Because the reserved ruling was two years after the tribunal decision, Judge Tuohy said the woman had served her suspension and was free to teach.

The teacher's name is suppressed, but the Herald on Sunday can reveal she worked at a school with annual fees of more than $16,000.

Her lawyer David Beck said his client was "looking forward to getting back to teaching and putting the matter behind her" but would not comment on whether she hoped to return to the same school.

Last night the school's principal was reluctant to comment, saying the teacher had been dealt with by the appropriate authorities.

Asked if he would consider rehiring her, he said: "It is of no interest to the school at all."

Beck said his client's case was "very much on the borderline", which was why she had spent "thousands" of dollars fighting for the right to teach.

"She felt the [Teachers Council] decision was harsh and her position has been vindicated."

While Judge Tuohy's ruling is thought to set a legal precedent, education law expert Paul Rishworth did not believe it would mean every teacher who had a sexual relationship with a student would be allowed to return to the profession.
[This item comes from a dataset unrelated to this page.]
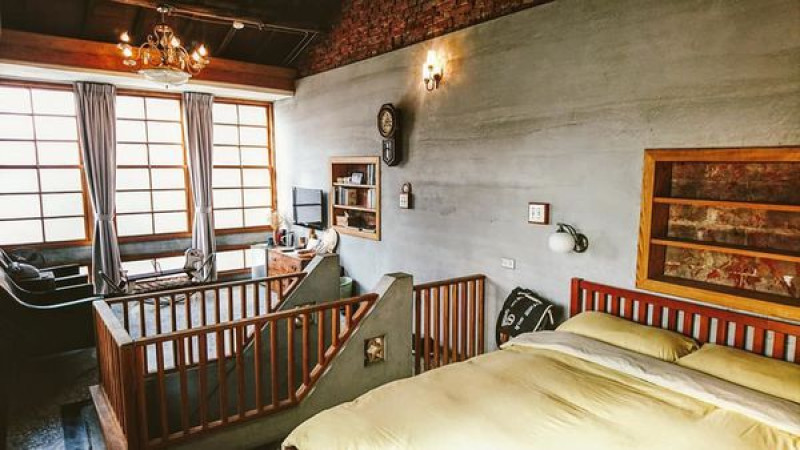 台南輕旅行住宿。信義街上的老宅民宿～老古石渡 邀月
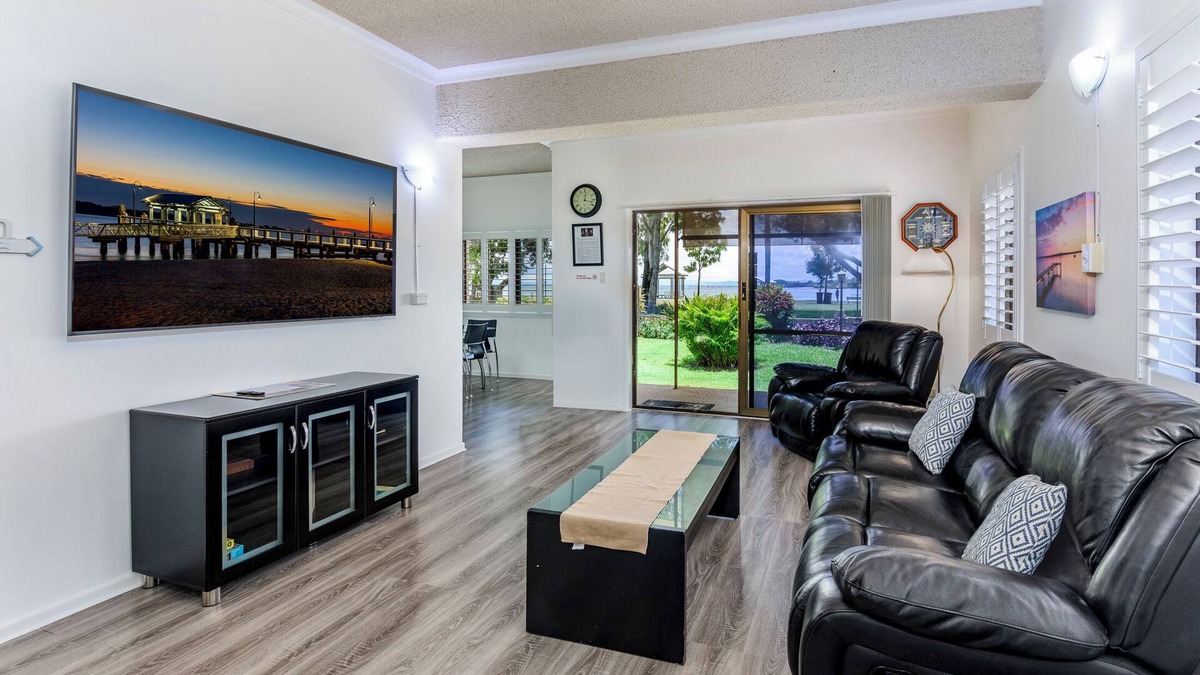 Bongaree Apartment | Keith's Place, 1 of the 3 most popular units on Bribie Island, near Brisbane.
Judge Tuohy's ruling said the teacher did not dispute the facts or the serious misconduct charge but didn't think she deserved the ultimate penalty of deregistration.

Judge Tuohy said the five members of the disciplinary tribunal were divided in their ruling of December 2007.

Three found the teacher's behaviour serious misconduct "at the highest level", but the others disagreed.

The case was viewed as serious for a number of reasons including:

- The year 13 student was still enrolled at her school at the start of the relationship and there was a 12-year age gapThe relationship continued until only a month before the tribunal hearing.

- She was an adviser to the student and invited him to her apartment while he was still enrolled.

Mitigating circumstances included:

- There was no evidence from the student or his parents, and he made the approach that led to intimacy.

- The student was in his last year and had completed his classes when they began having sex and the teacher was not viewed as predatory.

- The teacher was in a vulnerable emotional state at the time of the time of the relationship, which clouded her judgment.

- The student, now at university, said the 11-month affair, which ended in September 2007, had not harmed him.

Judge Tuohy said cancellation of registration would often be the only appropriate outcome, but was not the only possible one.

He noted the teacher disclosed the relationship to her principal within a week of it starting and resigned soon after.

She was recognised as a gifted teacher and admitted a serious error of judgment.

Judge Tuohy censured her with "conditions" on her practicing certificate, requiring her to undergo supervision until the end of 2010.